--- Task item ---
Transcribe the records below exactly, from their first line through the line containing "Asics 亞瑟士 慢跑鞋". Omit every line after it.

(Data entries)
:::::

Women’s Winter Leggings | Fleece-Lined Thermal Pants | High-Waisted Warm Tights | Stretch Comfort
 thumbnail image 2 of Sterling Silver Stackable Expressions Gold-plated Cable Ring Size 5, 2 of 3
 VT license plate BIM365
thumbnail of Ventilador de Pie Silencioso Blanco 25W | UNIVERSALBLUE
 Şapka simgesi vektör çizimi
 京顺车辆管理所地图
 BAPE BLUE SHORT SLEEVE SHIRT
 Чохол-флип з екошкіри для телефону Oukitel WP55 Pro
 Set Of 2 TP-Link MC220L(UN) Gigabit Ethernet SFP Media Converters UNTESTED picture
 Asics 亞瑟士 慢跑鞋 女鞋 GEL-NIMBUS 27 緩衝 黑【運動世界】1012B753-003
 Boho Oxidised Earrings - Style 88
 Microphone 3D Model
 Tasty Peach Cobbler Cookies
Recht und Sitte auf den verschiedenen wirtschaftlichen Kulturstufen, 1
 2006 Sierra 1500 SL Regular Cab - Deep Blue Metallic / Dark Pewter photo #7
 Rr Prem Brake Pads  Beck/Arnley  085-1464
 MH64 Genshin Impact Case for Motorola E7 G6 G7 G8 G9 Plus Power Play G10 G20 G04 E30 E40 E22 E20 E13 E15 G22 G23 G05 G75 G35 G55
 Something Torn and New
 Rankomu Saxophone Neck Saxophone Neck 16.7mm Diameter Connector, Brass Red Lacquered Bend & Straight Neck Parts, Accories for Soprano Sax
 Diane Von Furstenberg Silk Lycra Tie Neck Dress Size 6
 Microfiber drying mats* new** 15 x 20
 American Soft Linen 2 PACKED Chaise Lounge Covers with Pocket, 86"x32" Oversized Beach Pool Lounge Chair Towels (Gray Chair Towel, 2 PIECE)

:::::

--- Completed exercise ---
Women’s Winter Leggings | Fleece-Lined Thermal Pants | High-Waisted Warm Tights | Stretch Comfort
 thumbnail image 2 of Sterling Silver Stackable Expressions Gold-plated Cable Ring Size 5, 2 of 3
 VT license plate BIM365
thumbnail of Ventilador de Pie Silencioso Blanco 25W | UNIVERSALBLUE
 Şapka simgesi vektör çizimi
 京顺车辆管理所地图
 BAPE BLUE SHORT SLEEVE SHIRT
 Чохол-флип з екошкіри для телефону Oukitel WP55 Pro
 Set Of 2 TP-Link MC220L(UN) Gigabit Ethernet SFP Media Converters UNTESTED picture
 Asics 亞瑟士 慢跑鞋 女鞋 GEL-NIMBUS 27 緩衝 黑【運動世界】1012B753-003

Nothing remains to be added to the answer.